In Mpwapwa wohnt Anke in einem alten englischen Kolonialhaus. Der DED hat alle Entwicklungsarbeiter dazu verpflichtet, eine Haushaltshilfe einzustellen und ein Zehntel des eigenen Gehalts (in Ankes Fall 50 DM) dafür zu zahlen. So wird gewährleistet, dass der Verdienst nicht nur für das eigene Vergnügen genutzt wird, sondern auch Einheimischen zugutekommt. Daher kommt einmal in der Woche der Tansanier Simon mit seiner Familie aus einem naheliegenden Dorf vorbei. Sie haben eine Unterkunft bei Anke, kümmern sich um den Haushalt und nutzen die Möglichkeit, dort unkompliziert mit Fließendwasser duschen und waschen zu können. Wenn Schulferien sind, unterstützt Anke Tierärzte bei der Tsetsefliegen-Untersuchung und fährt mit ihnen für Rinderimpfungen durchs Land.

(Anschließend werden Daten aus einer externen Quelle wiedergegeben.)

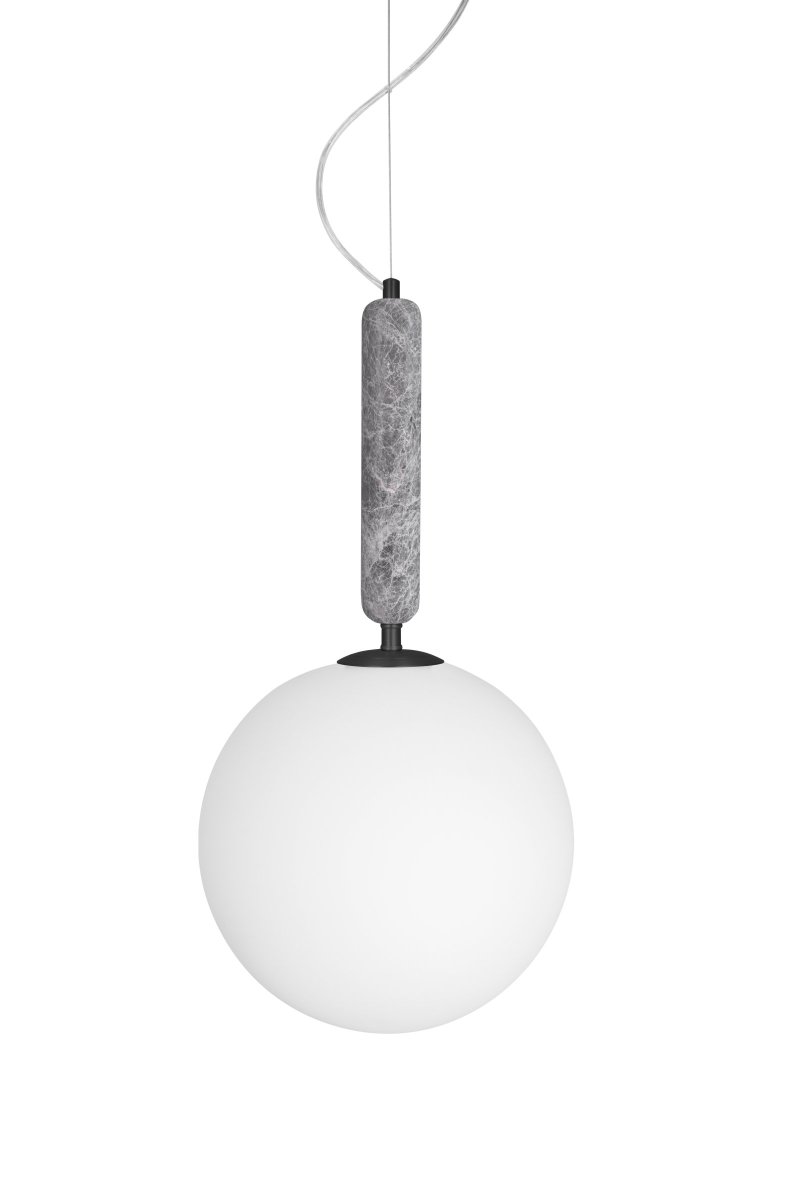Torrano Ø30 Grauer Marmor hängelampe Von Globen Lighting - Stein ist ein nat&uuml;rliches Material, die Farbe und Schattierungen der Marmorierung variieren und erzeugen bei jedem St&uuml;ck ein einzigartiges Muster.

Sie kommt aber auch in den Genuss, den halben Kilimandscharo hinauf zu klettern und den Serengeti-Nationalpark zu erkunden.
Fahnenappell und Maisbrei
1968, nach der Unabhängigkeit von Großbritannien und der Verbindung mit Sansibar, existiert Tansania seit vier Jahren als Staat. Präsident Julius Kambarage Nyerere verfolgt den Aufbau einer sozialistischen Gesellschaft. Anke und die anderen ausländischen Lehrer aus Kanada und den USA bekommen dies in Ansätzen im Teacher Training College mit. Der Tag für die Studenten beginnt um fünf Uhr morgens mit einem einstündigen Militärlauf. Danach versorgen einige das Vieh, andere Studenten kochen Maisbrei. Vor dem Unterricht wird die Fahne gehisst und auch Anke muss antreten. Das vom DED verhängte Verbot an politischen Aktivitäten teilzunehmen gilt eigentlich auch für das Ausland. Aber erst als Präsident Nyerere die Schule, eine der größten im Land, besucht, können die ausländischen Lehrer eine Befreiung vom Morgenappell durchsetzen.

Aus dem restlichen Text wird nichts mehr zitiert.